Who else on 'sleep more train less' attitude to training?

I’ve been on the ‘sleep more, train less’ attitude to training in the past 1-2 years.

I’ll first preface this with the reality that I’m M40-45, and even though I’m not fat or overweight with fat, I suffer from severe sleep apnea that went undiagnosed for nearly 20 years, and which limited my sleep usually to the 5-6 hr range for most of my life until I got a CPAP machine 4 years ago.

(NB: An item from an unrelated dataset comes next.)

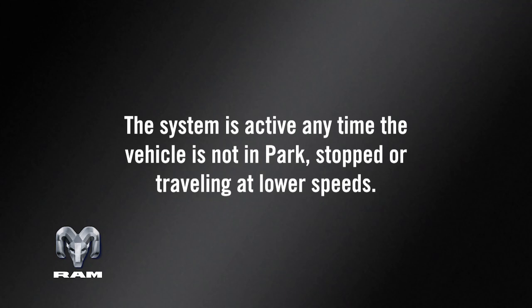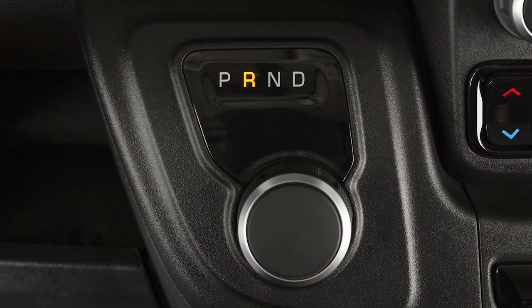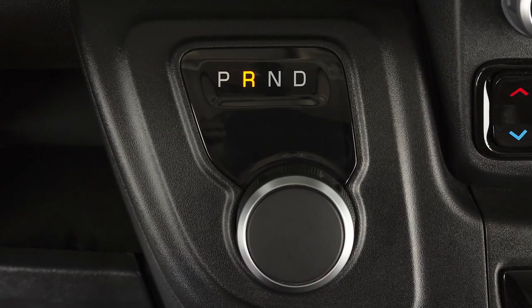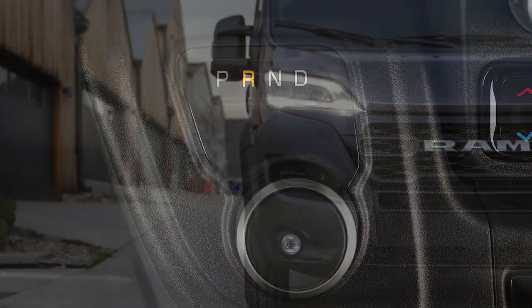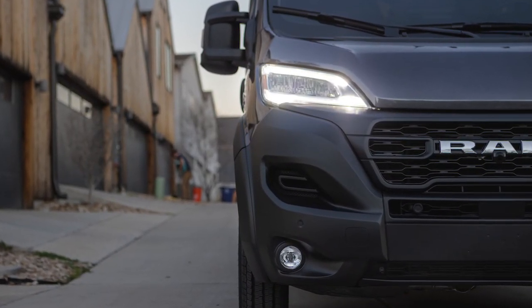The system is active any time the vehicle is not in park, stopped, or traveling at lower speeds. Depending on the selected gear, the system activates the corresponding speaker based on the intended direction of travel. In addition, the vehicle's speed will vary the relative volume of the alert.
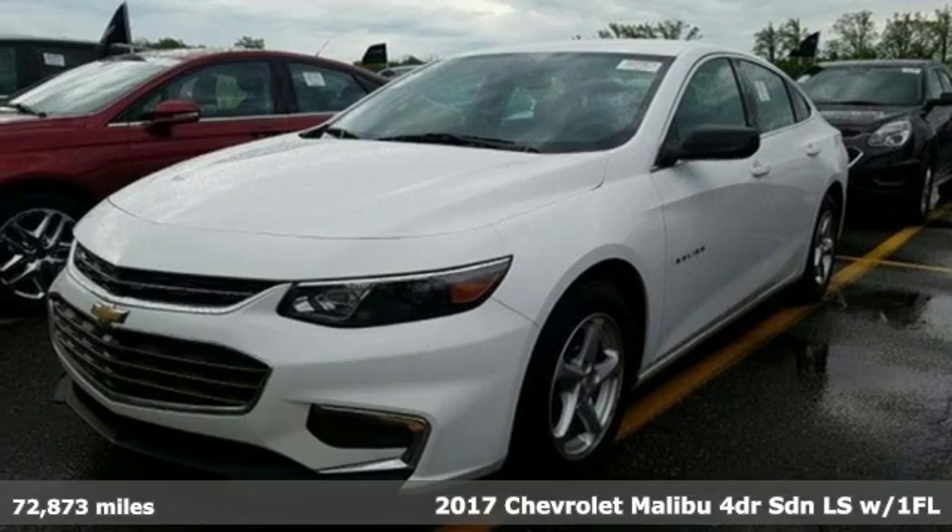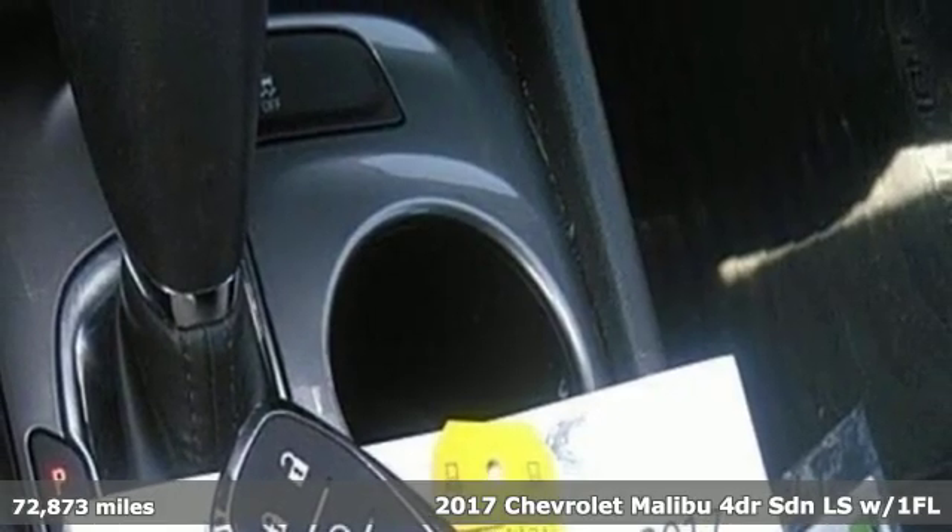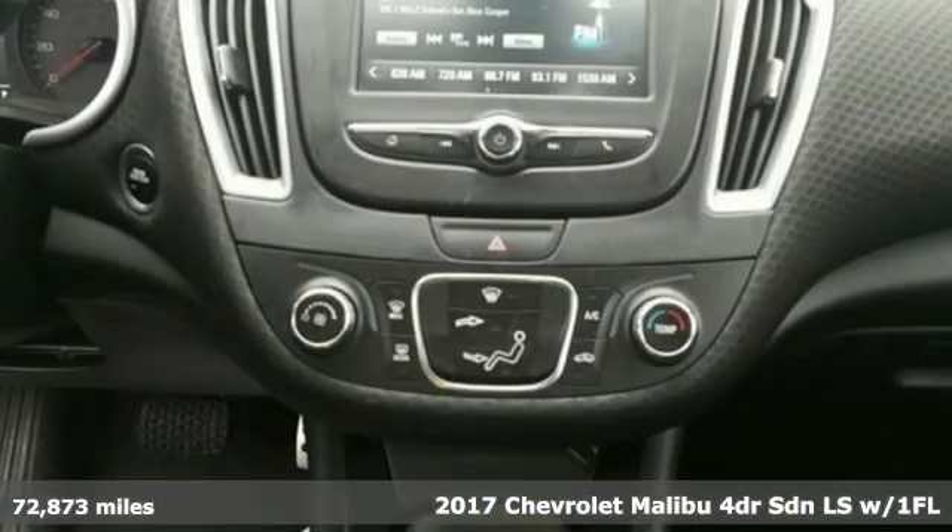Here's a 2017 Chevrolet Malibu. Smart and alluring, it'll impress you with its safety measures, fuel efficiency, and overall performance.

Even with the CPAP machine, it’s taken me several years to experiment and adapt to the high pressures it requires to give me a ‘normal’ 8-9 hours of sleep, and only in the last 8-12 months have I been hitting 9, even the occasional 10 hours of total (broken up, though) sleep a night. (It’s actually challenging for me to maintain sleep though - I wake up after 5-6 hrs every day, and have to ‘actively’ put myself back to sleep repeatedly, which can take awhile and remains incredibly frustrating and even limiting to this day.)

As a result of more sleeping, I’ve been training less. A LOT fewer 5AM or earlier workouts, and I’m averaging about 7 hours training per week total as a result. I only broke 10 hours of training for 3 weeks total in the past 8 months I think, which compares with averaging 11-13 in prior years where I wasn’t sleeping as much.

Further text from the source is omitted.